World Have Your Say (WHYS) is an international BBC global discussion show, that was broadcast on BBC World Service every weekday at 16:00 UTC and on BBC World News every Friday at 15:00 UTC.

World Have Your Say won Gold in the 2008 Sony Radio Awards, in the category Listener Participation.

The show described itself as "the BBC News programme where you set the agenda." Typically each edition addressed a question, or number of questions, raised by the users of its blog and Facebook site, as well as emailers to the BBC.

It encouraged callers to talk to each other and directed questions asked by listeners to the guests on the programme, intervening as little as possible to keep the show more of a conversation than a talk show.

The show also occasionally worked as a forum for the BBC World Service's global audience to put questions to a particular guest. Previous guests included Aung San Suu Kyi, Philip Pullman and Thilo Sarrazin.

==History==

The BBC World Service launched the programme in October 2005, featuring Anu Anand and Steve Richards as presenters and Mark Sandell as editor. Ros Atkins replaced Richards in early 2006 as the main presenter.
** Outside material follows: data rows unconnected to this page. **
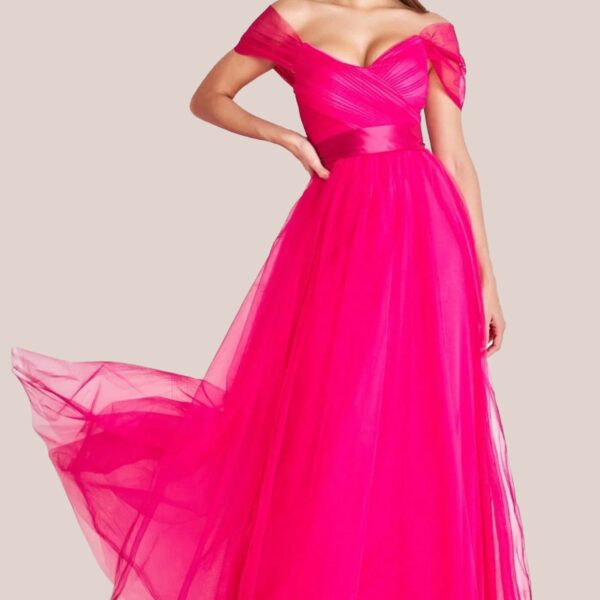 Off The Shoulder Princess Maxi Dress - Hot Pink by Goddiva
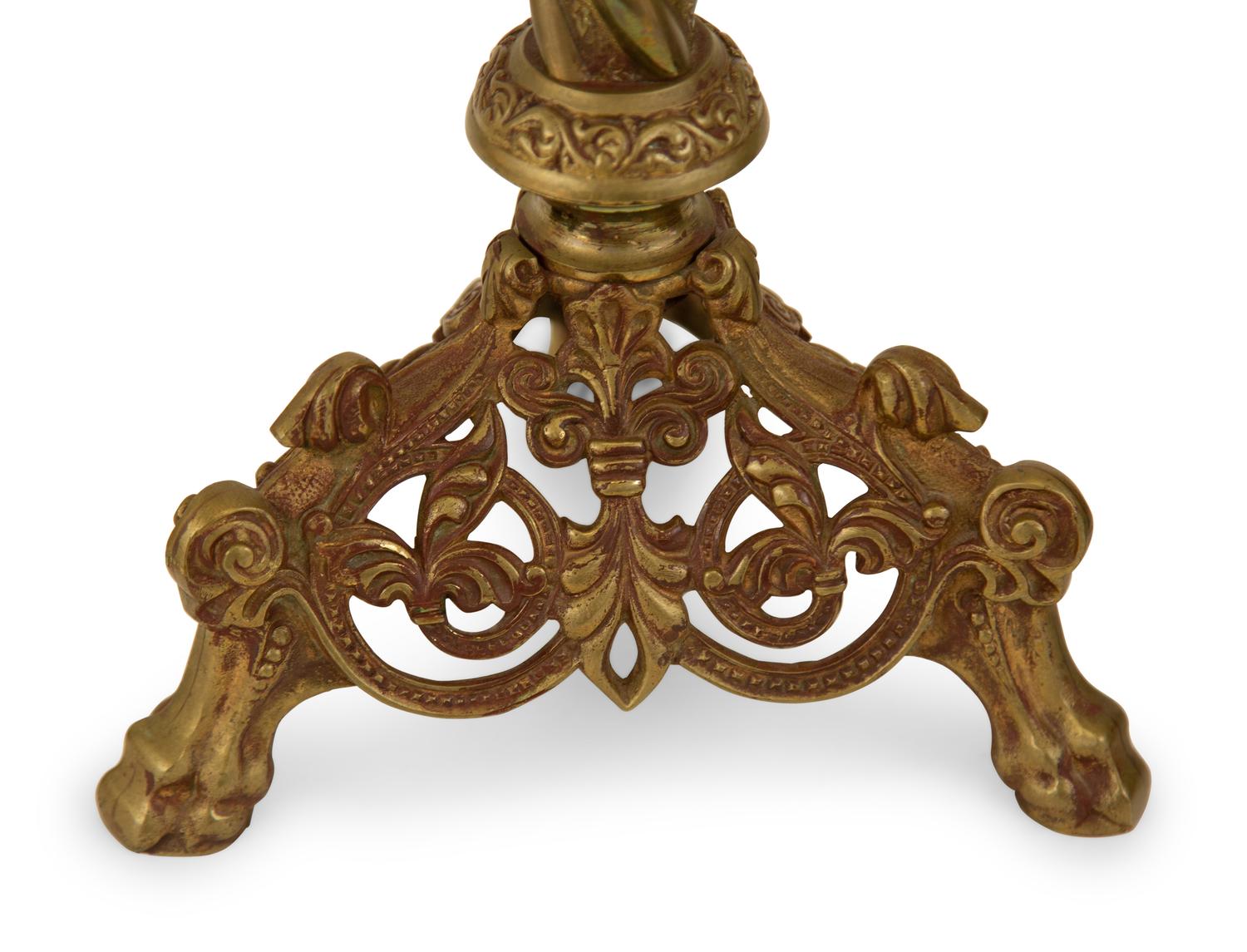 A Pair of Baroque Style Patinated Brass Pricket Sticks Mounted as Lamps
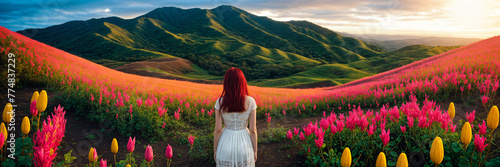 Serenity in Bloom: Beautiful Girl Finding Peace on the Hills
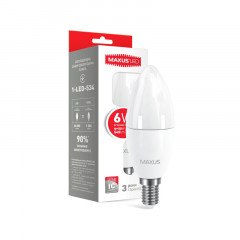 MAXUS Лампа світлодіодна C37 CL-F 6W 4100K 220V E14 1-LED-534-02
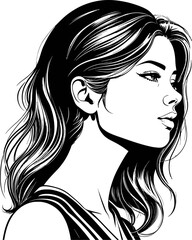 Elegant Stylish Girl Profile Vector Illustration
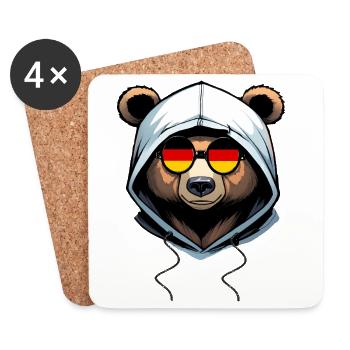 Ours portant un sweat à capuche - Dessous de verre (lot de 4) - blanc - Devant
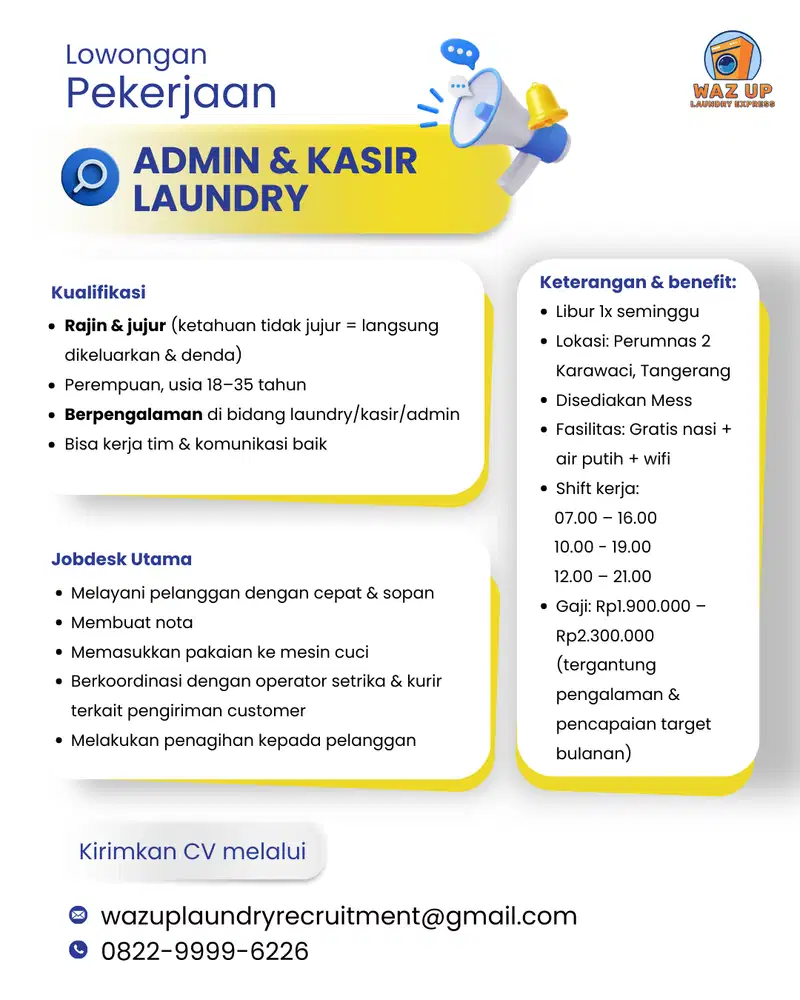 LOWONGAN KERJA LAUNDRY ADMIN & SETRIKA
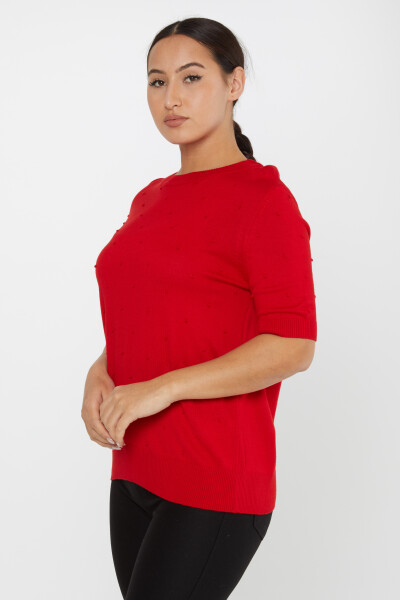 Sweter z krótkim rękawem, wzorzysty, czerwony - 30131 | KAZEE (zestaw 4 sztuk M-L-XL-2XL) - 2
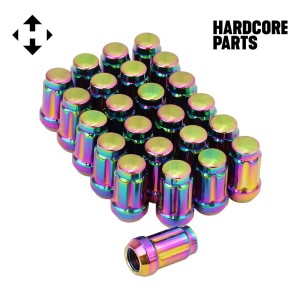 24 QTY Neo Chrome Closed End Spline Drive Lug Nuts with Key- Metric 12x1.25 Threads - Conical Cone Taper Acorn Seat Closed End - 1.4" Length - for Subaru, Nissan, Infiniti, & Suzuki + More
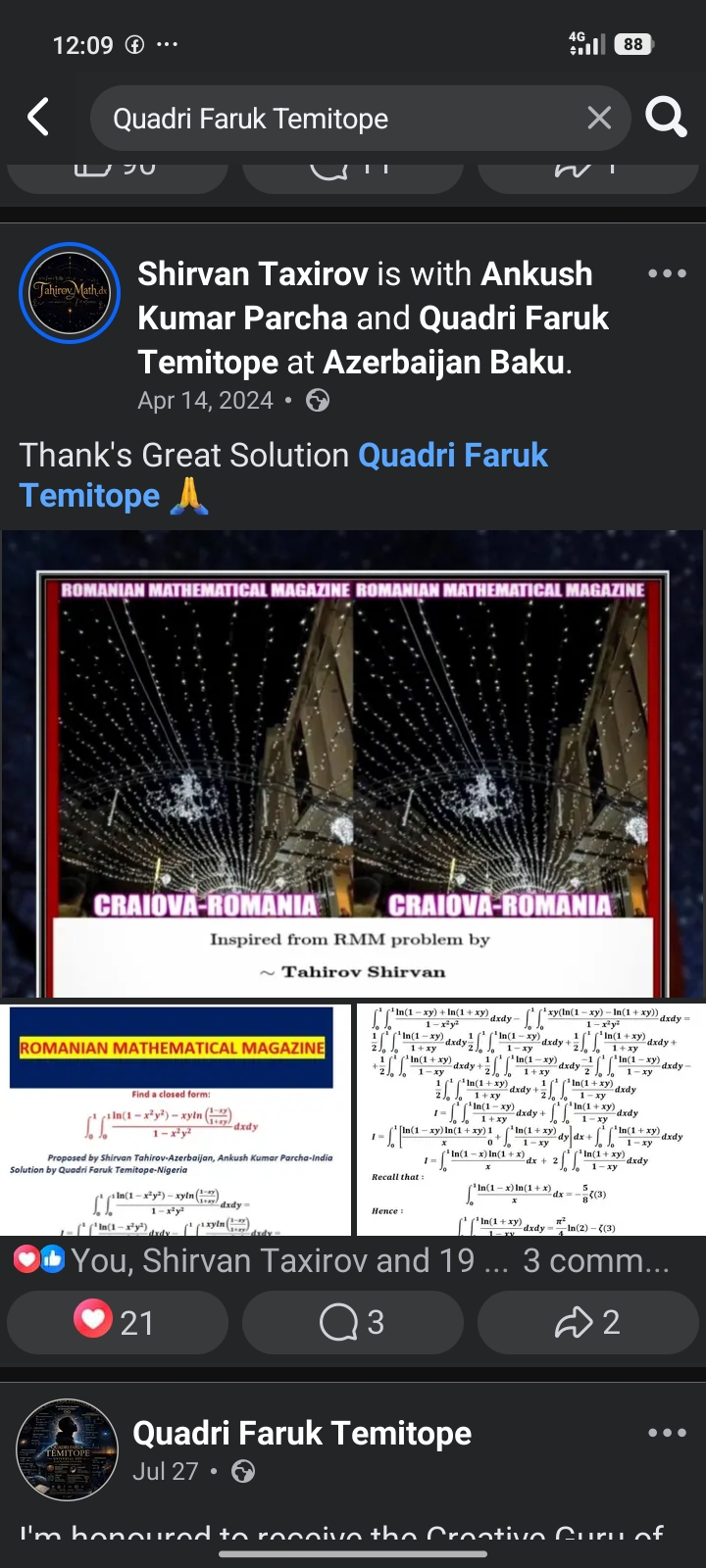 Recognized by Friends for Talented Mathematical Solutions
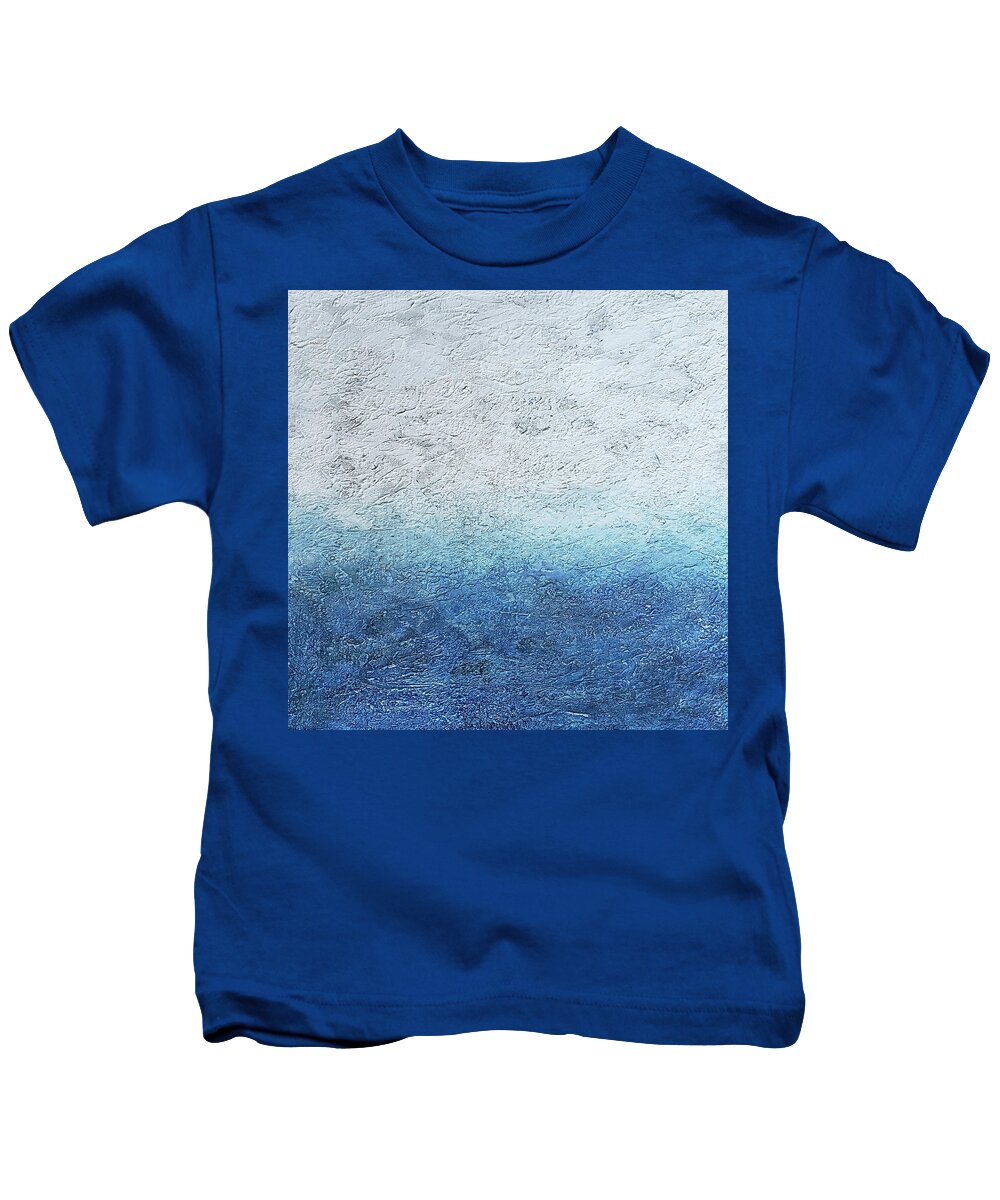 Blue Wall Art Kids T-Shirt featuring the painting STORMY HORIZON Coastal Abstract in Blue and White by Lynnie Lang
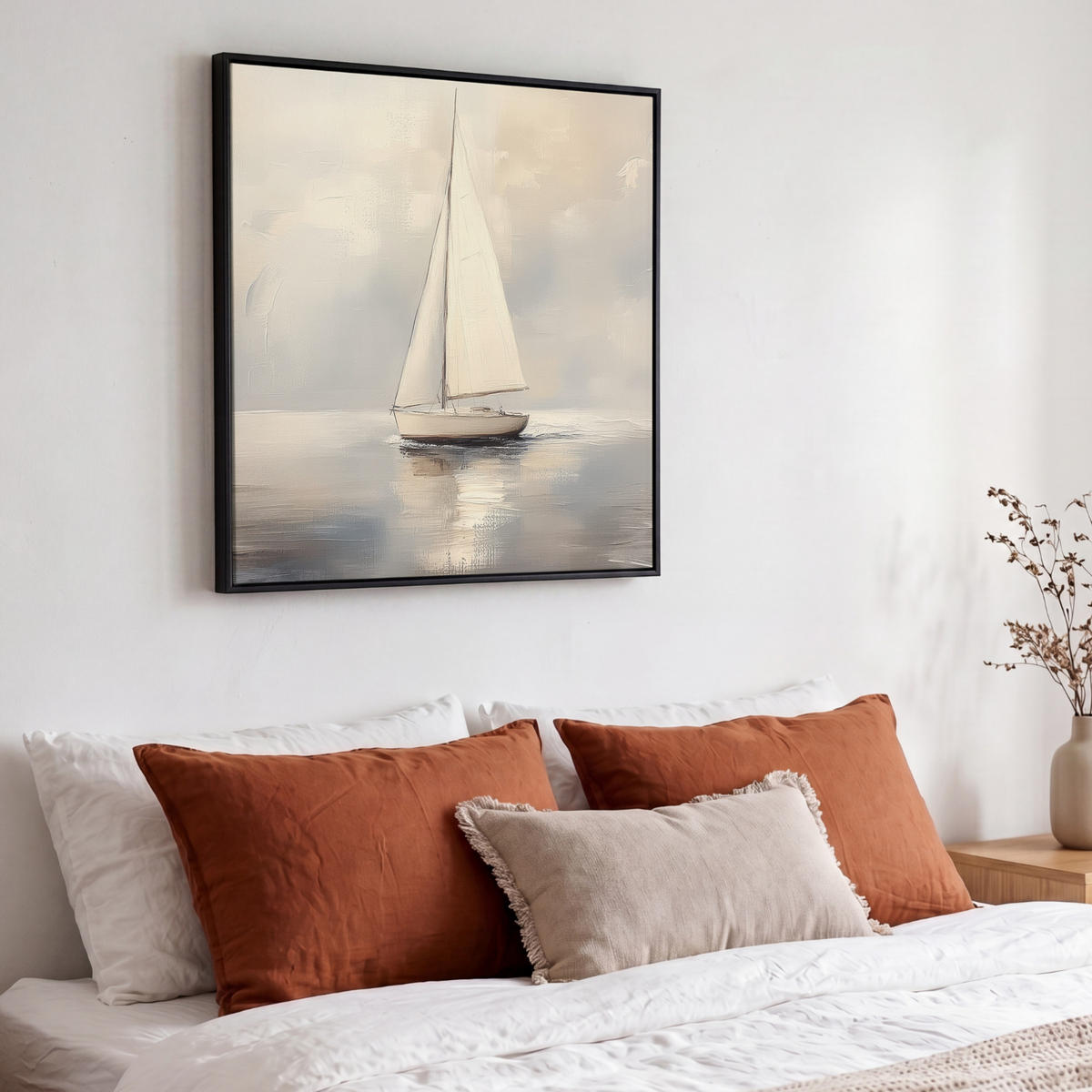 LEINWAND Bilder mit Rahmen - Segelschiff - Meer - Bewölkt - 50x50 - Creme, Textil (50/50cm) - MuchoWow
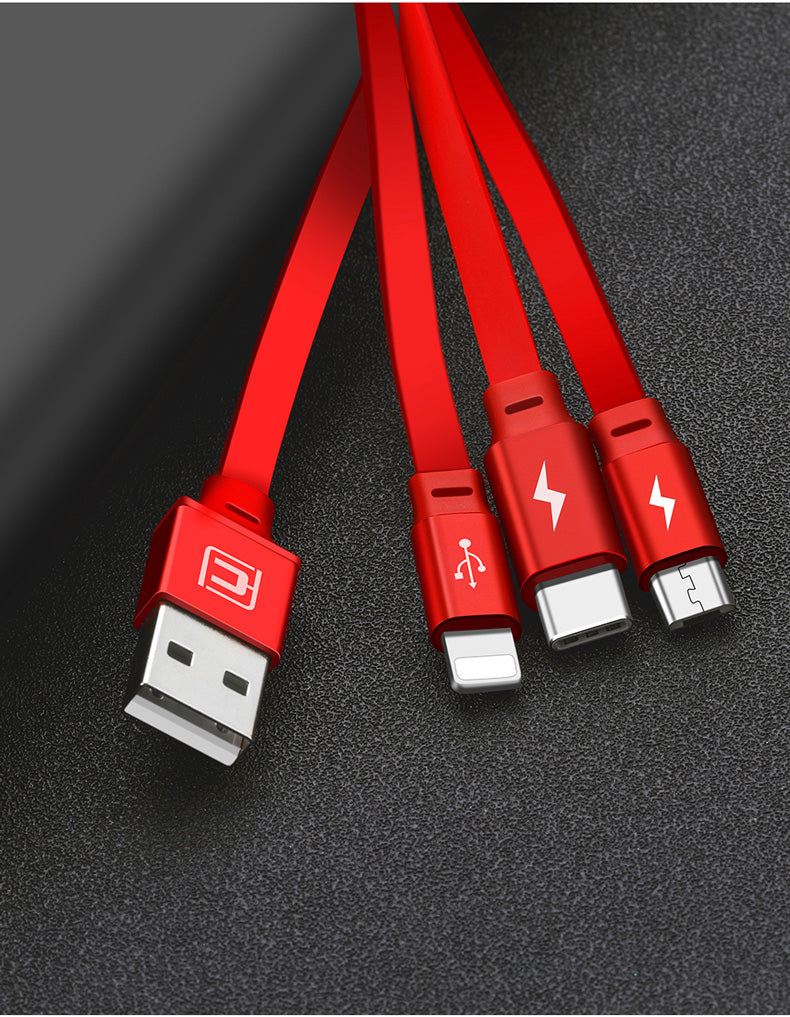 Cable de carga telescópico tres en uno multifunción multi-cabezal para teléfono móvil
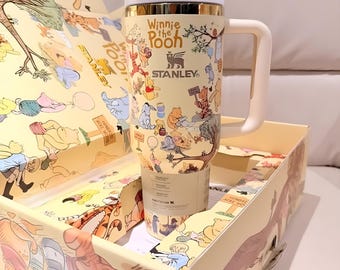 Bicchiere Stanley da 40 oz con Winnie the Pooh inciso al laser, design stampato al laser, incisione del nome personalizzato, confezione regalo inclusa.
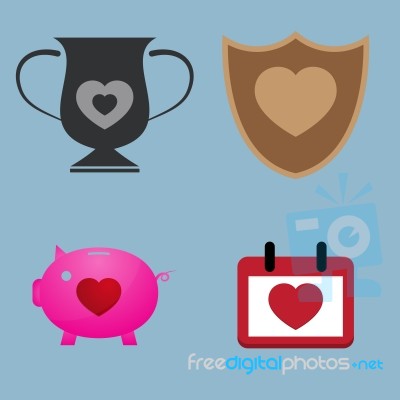 Love Icon Set Stock Image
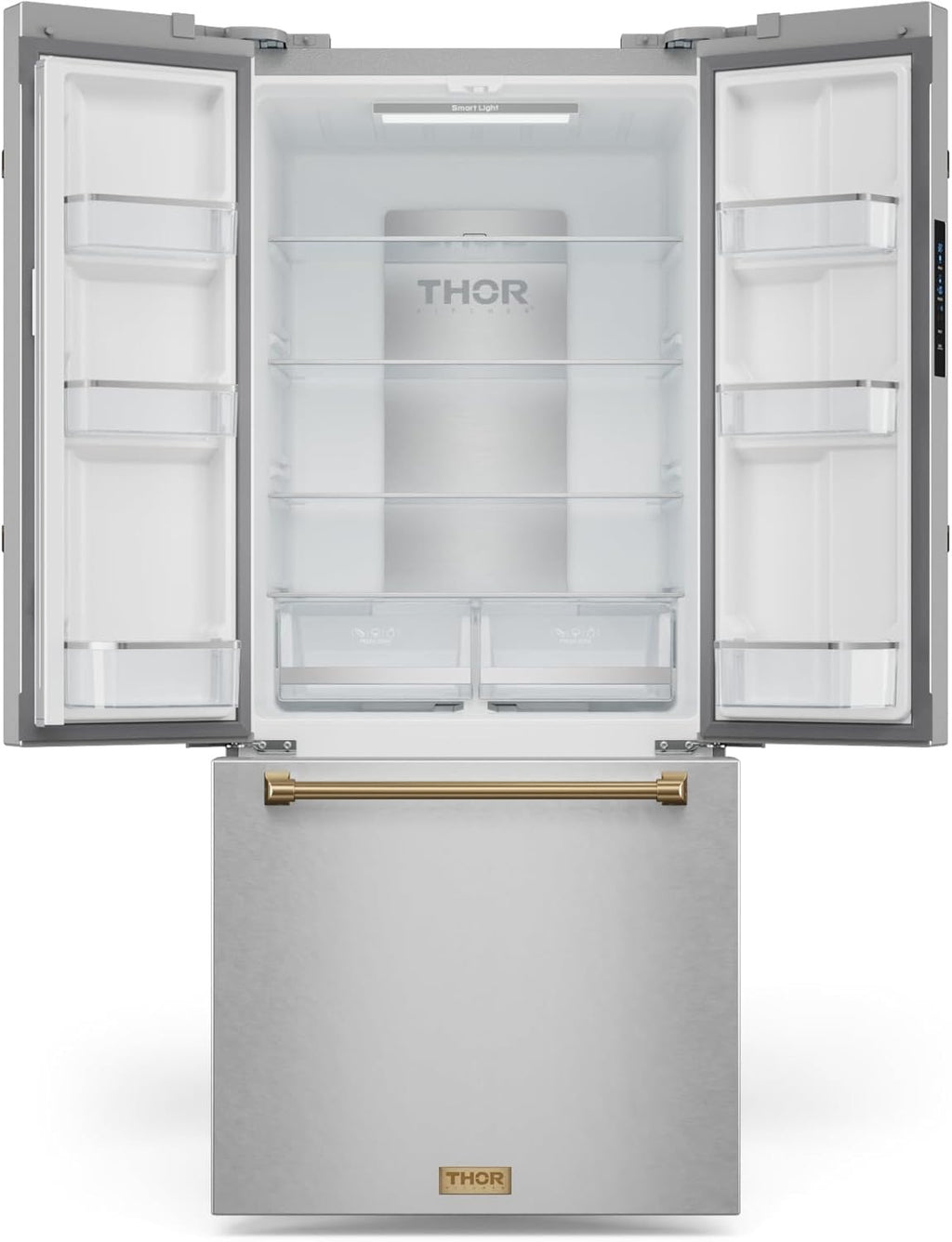 Thor Kitchen Gordon Ramsay 30″ French Door Counter-Depth Refrigerator | 17.7 cu ft with Ice Maker (Stainless Steel/Bronze)
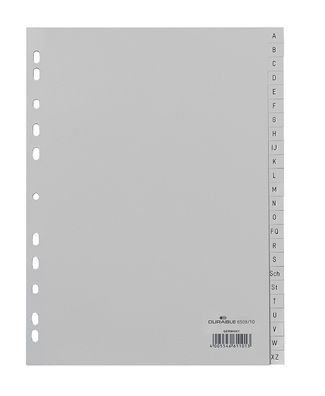 Durable 6508-10 Kunststoff-Register A-Z A4, 24-teilig grau
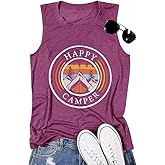 Happy Camper Shirt Women Hiking Tank Tops Summer Camping Mountain Lovers Shirt Outdoor Graphic Tees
Since February 2011 the programme had a weekly television edition on BBC World News on Fridays produced by the same production team.

Topics for discussions were set by listeners, who could email the show prior to it going on air each day, or even call into the studio office. Some of the comments left on the WHYS blog and Facebook site, together with emails, Tweets and SMS text messages, were read on the air. Callers from all over the world were the key part of the programme by calling in and debating the daily topic.

On occasion, the show would leave the studio and go on the road, to discuss subjects from a particular country but often with a global impact. For example, in 2011, they went to Berlin to discuss the legacy of Nazism in Germany, Jakarta to talk about revolution in a Muslim country, and Bangkok to talk about sex tourism.

Most of the time, the topics for the days' show were offered by e-mail. Some stories were suggested by a single person, others by the number of people wanting to talk about it. Increasingly, use was made of the programme's Facebook site as a source of comment on news stories. Sometimes, these were stories from the listeners' point of view. In fact, some of the reporting of current events for the show was done by real world people, most with no journalism experience.

===Television===

BBC World News began presenting a version of the programme in 2011 with Ros Atkins as the presenter. The programme, presented on Fridays at 15:00 GMT, encouraged viewer discussion on some of the top stories from the week. Occasionally, correspondents and high-profile individuals close to the issue at hand would join in the conversation. Similarly to the version on radio, the programme heavily utilised social media; especially Twitter and Facebook.

As of late 2013, Chloe Tilley played a more active role as a presenter.